Era possibile, per i soci, ottenere un anticipo, sulle partite di uva consegnate, fino ad un massimo di 2/3 del valore presunto. Era anche possibile, nel corso dell’anno, ottenere piccoli prestiti, rimborsabili alla raccolta, per provvedere all’acquisto di concimi, anticrittogamici, pali, fil di ferro ed attrezzi di lavoro.
L’assistenza ai soci arrivò perfino a fornire loro generi alimentari di prima necessità ed un servizio medico-chirurgico.
Nel 1924 si tentò anche un esperimento (non del tutto riuscito) di invio del moscato verso l’America. Maggior successo ebbero invece le spedizioni verso i mercati di Vienna, Monaco, Colonia e anche Polonia, Cecoslovacchia ed Inghilterra.
L’opera di promozione avviene anche con la partecipazione della cooperativa alle fiere ed alle mostre internazionali di Roma (1921), di Francoforte (1928).
In questi anni, grazie al moscato, si assiste all’innalzamento del tenore di vita dei Terracinesi, anche questo spiega la particolare venerazione del popolo per San Silviano, eletto a protettore dei vigneti, la cui festa si celebra ancora il primo maggio nella chiesa a Lui dedicata e che si trova in fondo alla Valle, alle pendici del Monte Leano.»

Quindi la Cooperativa provvedeva anche all’acquisto di anticrittogamici. Ed è appunto ciò che avvenne con l’invio della cartolina mostrata oggi.
Se infatti leggiamo il testo al retro, potremo comprendere di cosa stiamo parlando:
«Vi commettiamo per la corrente stagione N° 200 quintali di zolfo molito-frullato. In attesa di vostro benestare, vi salutiamo distintamente.»

E a cosa serviva lo zolfo?
Ancora una volta è lo Zappi Recordati che ci chiarisce anche questo aspetto:
«Trattamenti. Contro la peronospora si usa “l’acqua ramata” che altro non è che poltiglia bordolese, piuttosto forte, in percentuale del 2%. Contro l’oidio si effettuano invece frequenti solforazioni.»

L’oidio, detto anche “mal bianco” o “albugine”, è una malattia trofica delle piante causata da funghi Ascomycota della famiglia delle Erysiphaceae che comporta la formazione sulle foglie o sugli acini di un feltro di colore biancastro e di aspetto polverulento.

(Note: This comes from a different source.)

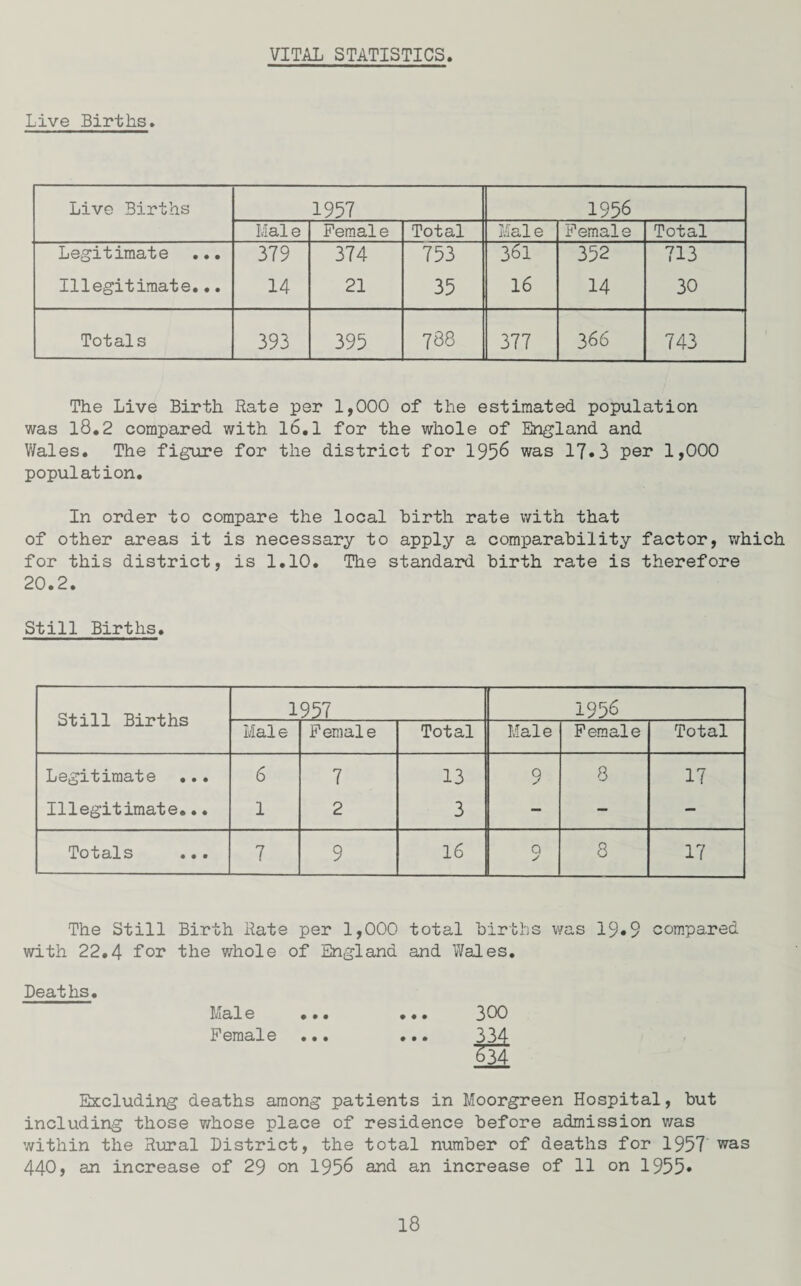 VITAL STATISTICS Live Births. Live Births 1957 1956 Male Female Total Male Female Total Legitimate ... 379 374 753 361 352 713 Illegitimate... 14 21 35 16 14 30 Totals 393 395 788 377 366 743 The Live Birth Rate per 1,000 of the estimated population was 18.2 compared with lb.l for the whole of England and Wales. The figure for the district for 1956 was 1?»3 per 1,000 population. In order to compare the local birth rate with that of other areas it is necessary to apply a comparability factor, which for this district, is 1.10. The standard birth rate is therefore 20.2. Still Births. Still Births 1957 1956 Male Female Total Male Female Total Legitimate 6 7 13 9 8 17 Illegitimate... 1 2 3 - - - Totals ... 7 9 16 Q s 8 17 The Still Birth Rate per 1,000 total births was 19# 9 compared with 22.4 for the whole of England and Wales. Deaths. Maie ... Female ... Excluding deaths among patients in Moorgreen Hospital, but including those whose place of residence before admission was within the Rural District, the total number of deaths for 1957 was 440, an increase of 29 on 1956 and an increase of 11 on 1955*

La difesa chimica contro l’oidio si effettua tradizionalmente con trattamenti a base di zolfo in polvere. Lo zolfo agisce sublimando allo stato di vapore e interferisce con la funzionalità delle membrane e della catena respiratoria devitalizzando le conidiospore al momento della loro germinazione bloccando perciò l’inizio dell’infezione.

Ecco a cosa serviva lo zolfo della ditta Di Marzo!
E questo per far arrivare sulle nostre tavole un ottimo vino moscato, il moscato di Terracina!
Mangiamo italiano, beviamo italiano!